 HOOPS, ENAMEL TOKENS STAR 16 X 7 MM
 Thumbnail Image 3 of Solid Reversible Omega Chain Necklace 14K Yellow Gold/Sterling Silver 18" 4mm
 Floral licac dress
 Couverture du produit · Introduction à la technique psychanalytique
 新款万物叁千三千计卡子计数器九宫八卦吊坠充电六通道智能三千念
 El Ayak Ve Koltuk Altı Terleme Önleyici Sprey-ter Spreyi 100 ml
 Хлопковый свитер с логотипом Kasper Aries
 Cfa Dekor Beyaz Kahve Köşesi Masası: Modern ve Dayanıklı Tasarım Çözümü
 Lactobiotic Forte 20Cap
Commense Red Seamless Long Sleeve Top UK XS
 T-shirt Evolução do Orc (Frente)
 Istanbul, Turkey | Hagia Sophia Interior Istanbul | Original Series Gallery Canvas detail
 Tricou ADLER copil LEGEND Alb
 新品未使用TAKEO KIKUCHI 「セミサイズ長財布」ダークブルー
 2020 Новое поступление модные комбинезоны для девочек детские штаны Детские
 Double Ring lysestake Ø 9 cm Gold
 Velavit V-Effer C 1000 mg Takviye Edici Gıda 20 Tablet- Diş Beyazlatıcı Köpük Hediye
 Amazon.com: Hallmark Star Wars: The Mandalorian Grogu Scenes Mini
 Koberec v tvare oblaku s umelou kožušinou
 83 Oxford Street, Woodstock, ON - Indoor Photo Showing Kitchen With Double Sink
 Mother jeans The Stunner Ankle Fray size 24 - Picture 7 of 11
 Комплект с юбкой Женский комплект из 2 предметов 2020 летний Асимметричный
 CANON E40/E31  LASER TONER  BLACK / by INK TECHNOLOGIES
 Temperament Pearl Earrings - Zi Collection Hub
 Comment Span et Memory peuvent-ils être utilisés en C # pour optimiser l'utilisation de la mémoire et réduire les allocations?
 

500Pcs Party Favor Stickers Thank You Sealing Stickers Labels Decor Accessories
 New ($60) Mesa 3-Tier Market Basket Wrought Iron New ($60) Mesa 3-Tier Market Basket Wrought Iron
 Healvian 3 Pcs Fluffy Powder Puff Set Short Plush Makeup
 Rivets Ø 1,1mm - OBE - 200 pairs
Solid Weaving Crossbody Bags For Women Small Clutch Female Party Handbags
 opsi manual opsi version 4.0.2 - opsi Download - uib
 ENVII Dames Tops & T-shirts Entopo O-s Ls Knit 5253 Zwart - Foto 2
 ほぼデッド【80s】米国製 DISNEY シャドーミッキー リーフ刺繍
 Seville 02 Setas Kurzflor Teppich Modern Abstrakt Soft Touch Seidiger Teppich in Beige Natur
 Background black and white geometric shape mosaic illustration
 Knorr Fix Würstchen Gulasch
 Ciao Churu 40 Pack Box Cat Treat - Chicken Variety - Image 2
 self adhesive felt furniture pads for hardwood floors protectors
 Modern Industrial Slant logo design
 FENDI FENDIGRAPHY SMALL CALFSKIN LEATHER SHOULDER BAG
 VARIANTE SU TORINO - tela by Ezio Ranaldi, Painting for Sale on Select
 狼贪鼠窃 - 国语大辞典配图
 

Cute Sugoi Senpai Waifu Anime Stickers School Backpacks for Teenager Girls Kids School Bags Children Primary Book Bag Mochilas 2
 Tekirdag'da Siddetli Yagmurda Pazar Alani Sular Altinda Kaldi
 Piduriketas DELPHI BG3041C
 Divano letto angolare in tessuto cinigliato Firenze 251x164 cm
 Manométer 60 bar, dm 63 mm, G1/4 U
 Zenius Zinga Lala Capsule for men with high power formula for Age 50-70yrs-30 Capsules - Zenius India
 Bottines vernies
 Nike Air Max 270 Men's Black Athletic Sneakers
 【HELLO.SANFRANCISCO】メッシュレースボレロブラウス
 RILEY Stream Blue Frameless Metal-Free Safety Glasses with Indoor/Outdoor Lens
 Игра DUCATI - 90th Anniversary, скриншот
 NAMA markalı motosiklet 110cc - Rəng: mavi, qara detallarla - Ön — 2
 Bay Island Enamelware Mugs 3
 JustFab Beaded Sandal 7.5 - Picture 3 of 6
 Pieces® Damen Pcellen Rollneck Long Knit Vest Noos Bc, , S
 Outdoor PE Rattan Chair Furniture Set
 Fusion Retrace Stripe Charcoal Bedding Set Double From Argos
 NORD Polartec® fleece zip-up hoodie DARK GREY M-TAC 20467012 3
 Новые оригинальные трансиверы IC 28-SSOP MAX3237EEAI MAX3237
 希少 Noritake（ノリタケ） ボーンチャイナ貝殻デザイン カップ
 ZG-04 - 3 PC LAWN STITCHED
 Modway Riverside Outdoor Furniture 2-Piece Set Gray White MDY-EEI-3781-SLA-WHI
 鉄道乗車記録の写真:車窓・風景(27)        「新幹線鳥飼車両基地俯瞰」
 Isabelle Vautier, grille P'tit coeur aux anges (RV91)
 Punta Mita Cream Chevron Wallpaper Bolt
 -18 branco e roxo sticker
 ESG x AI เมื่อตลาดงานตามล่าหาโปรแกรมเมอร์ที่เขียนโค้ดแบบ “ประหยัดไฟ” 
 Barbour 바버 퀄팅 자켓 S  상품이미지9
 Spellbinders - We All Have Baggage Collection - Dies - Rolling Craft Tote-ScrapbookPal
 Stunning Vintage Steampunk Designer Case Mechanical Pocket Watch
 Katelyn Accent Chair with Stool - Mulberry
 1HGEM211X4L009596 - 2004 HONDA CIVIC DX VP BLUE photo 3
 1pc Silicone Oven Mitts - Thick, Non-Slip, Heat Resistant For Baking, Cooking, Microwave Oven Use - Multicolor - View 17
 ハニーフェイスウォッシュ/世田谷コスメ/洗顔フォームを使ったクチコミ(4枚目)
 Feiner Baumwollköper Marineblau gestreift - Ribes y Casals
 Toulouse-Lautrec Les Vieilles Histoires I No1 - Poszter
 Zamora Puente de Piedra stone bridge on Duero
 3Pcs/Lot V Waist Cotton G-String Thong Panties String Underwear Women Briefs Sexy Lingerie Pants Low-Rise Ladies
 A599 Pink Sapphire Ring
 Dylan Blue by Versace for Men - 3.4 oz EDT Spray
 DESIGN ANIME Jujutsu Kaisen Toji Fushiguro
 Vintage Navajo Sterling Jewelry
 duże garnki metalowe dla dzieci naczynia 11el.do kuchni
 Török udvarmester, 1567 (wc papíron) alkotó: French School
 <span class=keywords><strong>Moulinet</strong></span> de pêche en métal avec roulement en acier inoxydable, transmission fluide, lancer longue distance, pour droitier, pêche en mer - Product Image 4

[PROBLEM TO SOLVE] From the material above, retype precisely the lines between the line holding "Modern Industrial Slant logo design" and the line holding "Новые оригинальные трансиверы", inclusive, and nothing beyond them.

[ANSWER SPACE]
 Modern Industrial Slant logo design
 FENDI FENDIGRAPHY SMALL CALFSKIN LEATHER SHOULDER BAG
 VARIANTE SU TORINO - tela by Ezio Ranaldi, Painting for Sale on Select
 狼贪鼠窃 - 国语大辞典配图
 

Cute Sugoi Senpai Waifu Anime Stickers School Backpacks for Teenager Girls Kids School Bags Children Primary Book Bag Mochilas 2
 Tekirdag'da Siddetli Yagmurda Pazar Alani Sular Altinda Kaldi
 Piduriketas DELPHI BG3041C
 Divano letto angolare in tessuto cinigliato Firenze 251x164 cm
 Manométer 60 bar, dm 63 mm, G1/4 U
 Zenius Zinga Lala Capsule for men with high power formula for Age 50-70yrs-30 Capsules - Zenius India
 Bottines vernies
 Nike Air Max 270 Men's Black Athletic Sneakers
 【HELLO.SANFRANCISCO】メッシュレースボレロブラウス
 RILEY Stream Blue Frameless Metal-Free Safety Glasses with Indoor/Outdoor Lens
 Игра DUCATI - 90th Anniversary, скриншот
 NAMA markalı motosiklet 110cc - Rəng: mavi, qara detallarla - Ön — 2
 Bay Island Enamelware Mugs 3
 JustFab Beaded Sandal 7.5 - Picture 3 of 6
 Pieces® Damen Pcellen Rollneck Long Knit Vest Noos Bc, , S
 Outdoor PE Rattan Chair Furniture Set
 Fusion Retrace Stripe Charcoal Bedding Set Double From Argos
 NORD Polartec® fleece zip-up hoodie DARK GREY M-TAC 20467012 3
 Новые оригинальные трансиверы IC 28-SSOP MAX3237EEAI MAX3237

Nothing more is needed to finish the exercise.